Mlliyet Milliyet Blog Milliyet Blog
 
Facebook Connect
Blog Kategorileri
 

25 Mart '12

 
Kategori
Beslenme / Diyet
 

Diyet dediğin yalnız yapılmaz

Diyet dediğin yalnız yapılmaz
 

Diyetteyiz


Öyle üç beş ayda bir diyete sarılan bir insan olmadım hiç. Yedim mi sağlarım yerim, beni 2 sene götürür o yağlar :)

Diyete gireceksem de önce kafamda bitirmem lazım. Kendimden memnun olmadığım zamanlamayı iyi yakalamalıyım, haydi hop bir iki demeye kalmadan kendimi diyetisyene atarım. Diyetisyen kontrolü olmadan, tabir-i caizse cebim hafiflemeden olmuyor arkadaş. O her hafta ya da 10-15 günde bir gidip tartılmanın verdiği huzurlu ağırlık çökmeden üstüme disipline olamıyorum ben. Sorumluluk insanıyım, ödevimi çalışıp sözlüye kalkmam lazım çıplak ayakla tartı üstünde. Yoksa gelsin arada mini kaçamak, gitsin yarım porsiyondan bir şey olmaz derken ipin ucu kaçıyor.

Doğum kilolarım oğlum 8-9 aylıkken tamamen gitmiş, hatta hamile kaldığım kilonun da 3 kilo altına düşmüştüm. Ama bu uykusuzluk beni yedi bitirdi, stresten midir işime gelip bahane yaptığımdan mıdır ilk doğum yaptığım ana, 67,5 kiloya çıktım. Doğuma da 74 ile girmiştim zaten. En büyük şanssızlığım doktorumun da bana "Senin iç karnın neredeyse yok denecek kadar az" diye teyit ettiği gerçektir. Hakikaten hep göbek bölgesinden yakınan biri oldum ben.

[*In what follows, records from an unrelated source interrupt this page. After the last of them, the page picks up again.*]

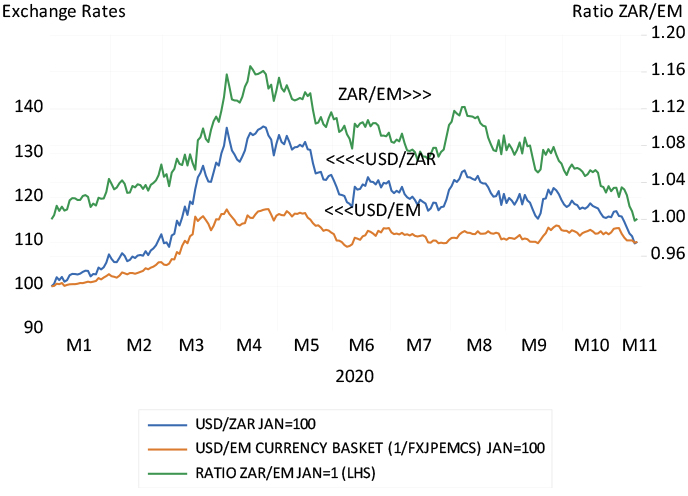 The rand vs emerging market basket, vs the US dollar and the ratio of the rand to emerging market currencies chart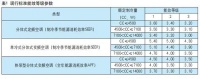一季度腰斩,家电疫情“震中”的空调有哪些故事?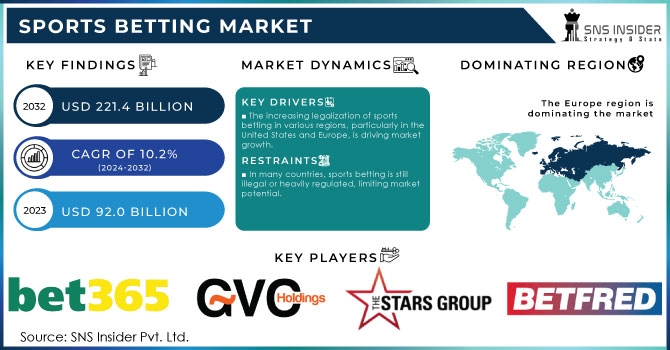 Sports Betting Market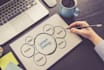 write content for websites, SEO blogs and articles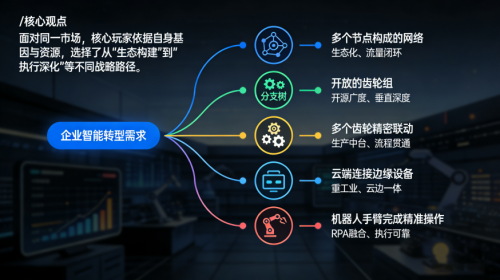 中国企业级AI Agent核心玩家图鉴：字节、阿里、迈富时、华为...智能体技术差异与落地场景对比
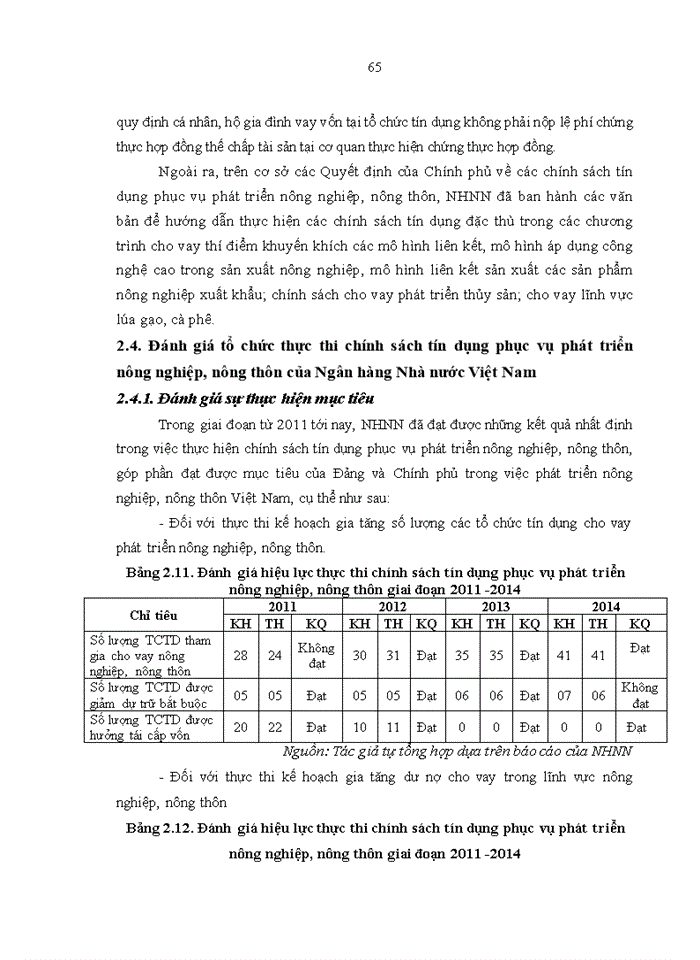 image for page Tổ chức thực thi chính sách tín dụng phục vụ phát triển nông nghiệp, nông thôn của Ngân hàng Nhà nước Việt Nam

Üstelik diyeti ve sporu da yaparken yanına destek kuvvet gerekenlerdenim. Sevmiyorum kendi başına debelenmeyi. Evde senin yediğin yemeği paylaşacak, yemek saatlerini kaçırmadan seni uyaracak, aynı yağsız salatadan, yağsız kıymadan yapılan sebze yemeğine burun kıvırmayacak, ızgara et yaptığında "Başka yemek yok mu? " demeyecek birisi lazım. Nam-ı diğer koca, anladınız siz onu... Allahtan benimki son 10 senedir devamlı bir diyet modunda da bu kavramlar o kadar uzak değil ona da. Bu yılda, 67merdiven dayamam benim kırılma noktam oldu. Düştüm diyestisyen peşine ve 8 Aralık'tan beri diyetteyiz. Gel gör ki yemesi kadar kolay ve keyifli olmuyor bu geri iade süreci. Üstelik iadeye gönüllü de yok ortada. Bünye 35, yolun yarısına 1 kalmışken eskisinden daha ağır bir metabolizma ile karşı duruyor sana. Haftada 3-4 kere spora gitmeme ve günde rahat rahat 2 lt su tüketmeme, yediklerime dikkat etmeme rağmen 2 ayda 5-5,5 kg verebilir durumdayım. Anımsıyorum da en son 4 sene evvel diyet yaptığımda 2 ayda net 8 kilo vermiş ve tüm diyet işini bu sürede tamamlamıştım. Şimdi aradaki fark bana yaşlanmaya başladığımın da bir sinyali, gel gör ki anlayana...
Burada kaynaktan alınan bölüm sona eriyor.